Wine and Resistance

la resistanceJason Wilson asks a very important question as we sit in front of our screens watching civilization unravel with very little we, as individuals, can do about it:

“Can drinking wine be a form of resistance?”

He concludes:

For those of us who see fine wine as an element of the good life, perhaps we are all trying to quixotically keep alive whatever “faint glimmers of civilization” are left in our tech-dominated age. My nagging fear is that we are already too late.

At first blush the absurdity of the question answers itself. But the idea is not new. As he points out, the various advocates of romanticism in the late 18th and early 19th Century were convinced that emotional expression, originality, folklore, and belief in the supernatural were antidotes to what they perceived as the excessive rationalism of the Enlightenment,  exemplified in the increasing industrialization and mechanization of life that severed humanity from nature.

The idea that wine—at least the small-batch, artisanal, terroir-driven wines many of us drink—might deepen our connection to a vision of life less violent, less bigoted, and less rapacious than the life being foisted upon us is not crazy; it’s not even wrong. I find myself with the same thoughts. Whatever helps us survive psychologically is a central part of the resistance (whatever that turns out to be.)

So Wilson advocates a return to romanticism rejecting the empiricism “that reigned for a significant part of this century” and seeking a backlash against the holy algorithm “similar to the original 19th century Romantics who pushed back against the Industrial Revolution—Luddites burning down factories and artists declaring war against the principles of the Age of Reason.”

While I wholeheartedly endorse what he calls romantic wine criticism, a mode of criticism more generous and less critical that helps the reader enjoy a wine by exploring its many dimensions, I think the general endorsement of Romanticism misfires in much the same way the earlier romanticism misfired.

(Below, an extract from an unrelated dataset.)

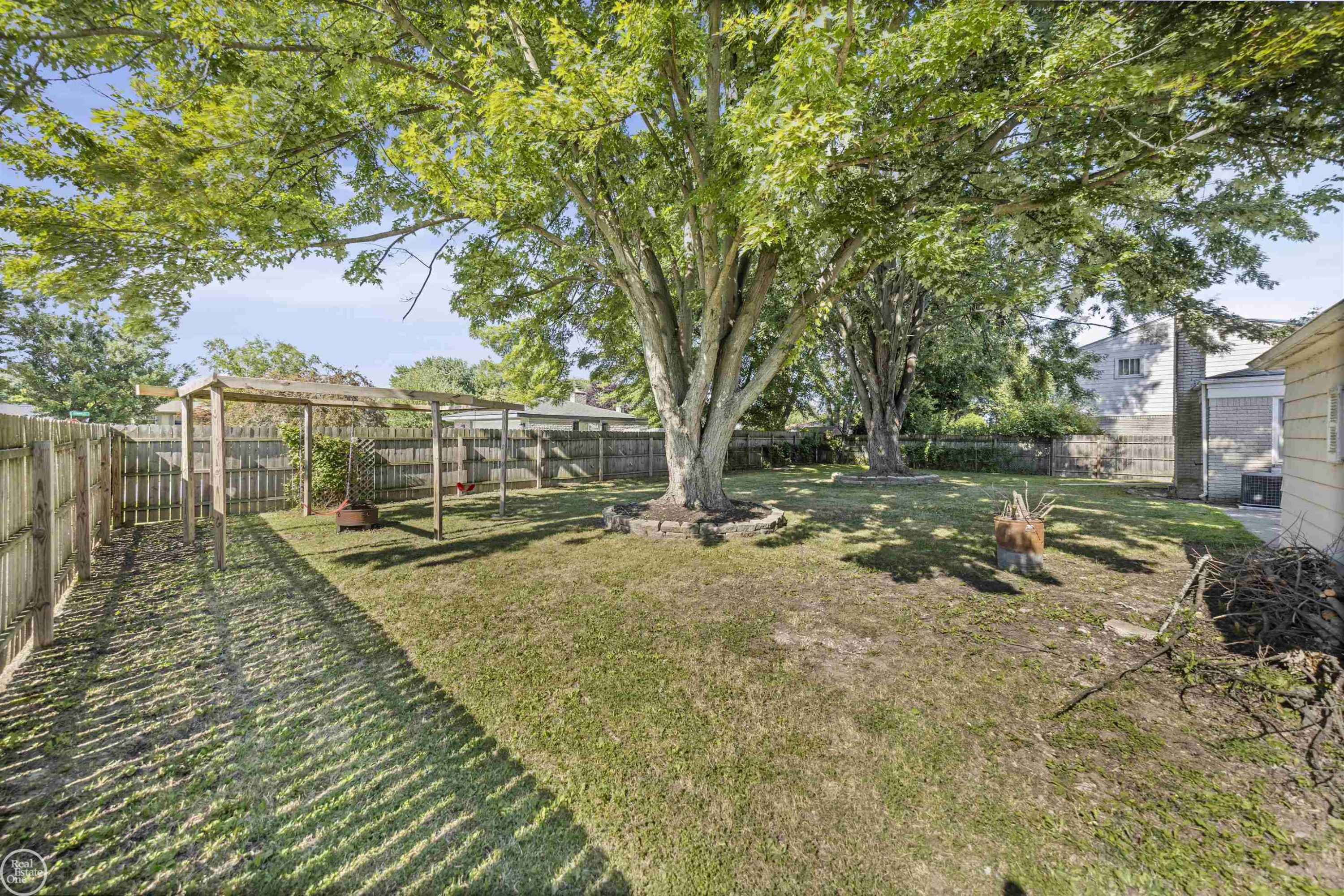 50196 Stonecrest Court, Chesterfield, MI 48047 — Photo 6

The problems the earlier Romantics railed against, for which they blamed rationalism and empiricism, were caused by the exploitation of workers, colonialism, the forcing of peasants off rural lands to be housed in city slums with poor sanitation, and unregulated capitalism which created boom and bust cycles that left mass unemployment and starvation in their wake. These were the very conditions Enlightenment thinkers and empiricists were trying to alleviate. The problem wasn’t philosophy but garden variety greed and hatred unleashed from the physical and ideological constraints of the past. And so the Romantics, despite their passion and lyricism, threw the baby out with the bath water succumbing to grotesque superstitions and fueling militant nationalism the consequences of which we still suffer.

Today it’s hard to see the predations and cruelty of modern fascism as anything but pure nihilism. There is nothing empirical about it as they flush the edifice of modern science down the toilet.

And there are other targets of Wilson’s wrath: “Wellness culture—and the neo-prohibitionist movement that has sprung from it—must also face this Romantic backlash.”

The nostrums of “wellness culture” an example of empiricism? Please. The neo-prohibitionist movement persists in ignoring science when it’s inconvenient for their ideology.

What wine offers is not a respite from technology or science. The best winemakers I know are thoroughly empirical, proceeding via careful observation and incessant testing and experiment, all supported by a thorough knowledge of the science of winemaking and viticulture. What they also understand is that winemaking isn’t reducible to a formula.

Instead, wine offers resistance to what I call the Production Paradigm—the idea that more is always better, growth must be constant, and the measure of individual worth is how efficiently we produce. Modern human beings are the new hamsters frantically climbing a ladder that leads only to more ladders on a spinning wheel that does little but boost someone else’s bank account. In our current debacle, our overlords have decided to kill off the hamsters since the wheel  is now self-propelling.

Wine like other sources of beauty is a form of resistance because it is an activity of pure surplus. It serves no other purpose but enjoyment, awe, or wonder. When we savor wine we are nobody’s instrument and efficiency does not get a grip on us. The Romantics to their credit knew this but chose to battle the machines instead of the human heart where nihilism unfortunately thrives.